2 large apples, peeled and cored
20 medium radishes
1 small onion
lime juice
salt

Dice the apples, radishes and onions. Caramelize the onions in about a tablespoon of butter. Mix all together with about 1/4 cup (or less) of lime juice. Salt to taste. This made enough for healthy servings for three adults.

Sunday, November 7, 2010

How foodie culture has made people afraid to cook



It's not just cheap, available, easy and frankly tasty boxed food, fast food and prepared foods (even the so-called "organic" companies have gotten into the act) that have made ordinary people reluctant to cook.

It's also the popularity of writers like Martha Stewart and even Michael Pollan or Barbara Kingsolver, as well as cooking shows that emphasize high end ingredients, professional preparers, and exotic dishes.
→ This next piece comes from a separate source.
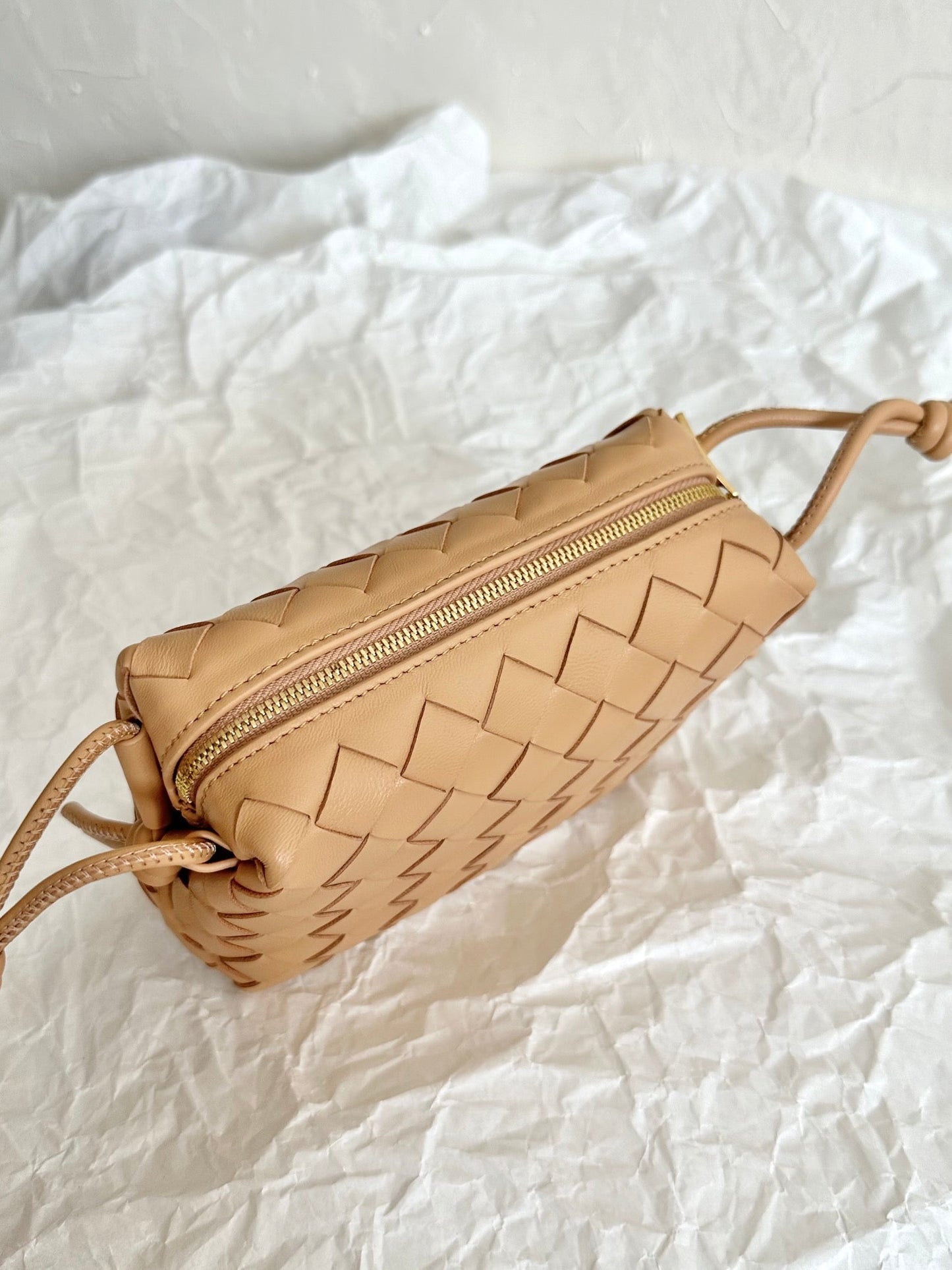 Luxury Bottega Veneta BV LOOP MINI 17CM BEIGE CALFSKIN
I love to cook, and I'm pretty good at it, but these shows, books, and articles are just plain intimidating.

They purport to be encouraging people to cook, but frankly, I'm not going to have "pizza night" where I have to make pizza from scratch, however seasonal, local, organic and whole I'm trying to be; it entirely defeats the benefit of pizza night, which is that there is no prep and no clean up. Do these writers not get that? I'm never going to hunt for chanterelles; I didn't even know what they were before I read The Omnivore's Dilemma, and I don't know anyone with a backyard clay oven. Can I cook a whole goat in my Kenmore, do you think?
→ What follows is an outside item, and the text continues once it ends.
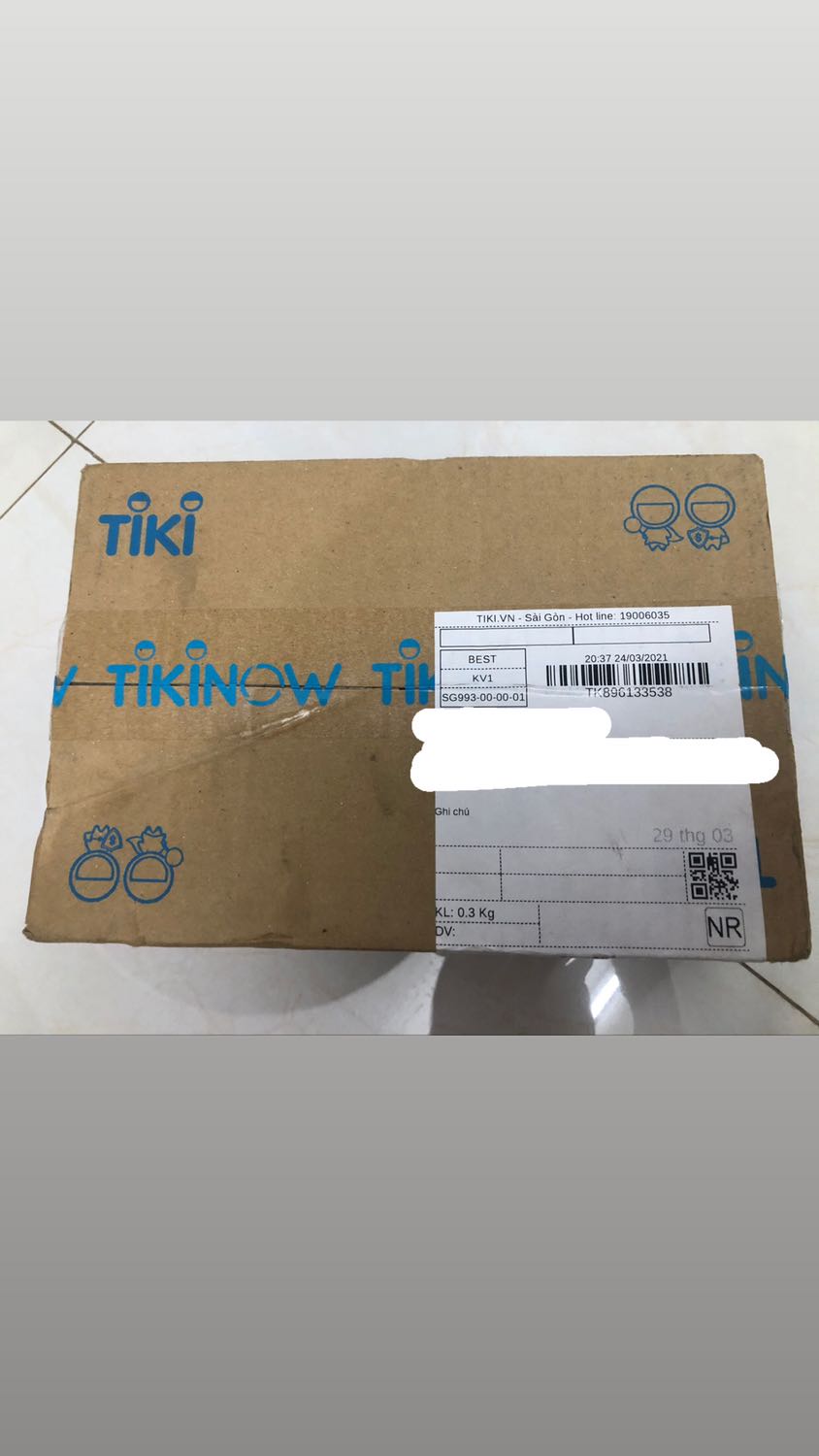 Mới đặt trưa hôm qua, mà nay shipper đã gọi giao. Giao hàng nhanh lẹ, hộp không bị móp méo, đóng gói cẩn thận. Vòng ở ngoài đẹp hơn trên hình, sản phẩm chuẩn hàng của Swarovski. Lần đầu mua sản phẩm mắc tiền trên mạng mà phải nói là ưng cái bụng lắm luôn. Tiền nào của đó mọi người ạ. Điểm cộng nữa là còn được freeship. Hứa sẽ ủng hộ shop dài dài ♥️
We're never going to get people back to preparing their own home-cooked food by only talking about $12-a-pound morels, and turning up our noses at the perfectly fine, pre-sliced plain white mushrooms available at the Safeway. I love making scones, but grating frozen butter, per America's Test Kitchen, is just a pain in the ass. But apparently this is the only way to make "perfect" scones. We don't need another Hell's Kitchen, or Rick Bayless with his flawless urban farm; we need Prince spaghetti night again, where Grandma makes sauce to put on the readily available pasta from the grocery store.

Tomato-apple soup

This is a wonderful "leftovers" meal, which I made with the apple peelings from a simple homemade apple sauce (peel and chop up apples, throw them in a saucepan, simmer until it turns into sauce. A four-year-old could do this.) I served it with this morning's banana-apple scones.
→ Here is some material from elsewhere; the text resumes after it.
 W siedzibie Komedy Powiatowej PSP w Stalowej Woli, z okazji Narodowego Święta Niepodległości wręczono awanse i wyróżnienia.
10 small to medium tomatoes, cut in half
Apple peels and cores from 8 apples
3 large cloves of garlic, peeled and slightly crushed
1 cup apple cider, or any vegetable broth

Spray a baking sheet with cooking spray, and put all the veggies/fruits on it. Lightly salt and pepper (I used sea salt, but any salt will do), and drizzle with olive oil. Roast for 1 hour in a warm oven (300F), or until the tomatoes start to brown and shrivel very slightly. Put all in a 2 quart sauce pan, including draining any liquid. Add the cider or stock; all the veggies should be covered, just. If they are not, add more water. Simmer until the tomatoes have lost all shape and the skins have slipped off. Run this through a food mill until all seeds, skins, pits, etc have been seived out, return to the sauce pan and smooth with a handheld immersible blender, or smooth it in the blender or food processor. Makes enough for two large or three to four smaller servings.

This does not need any additional spice, herb, or garnish.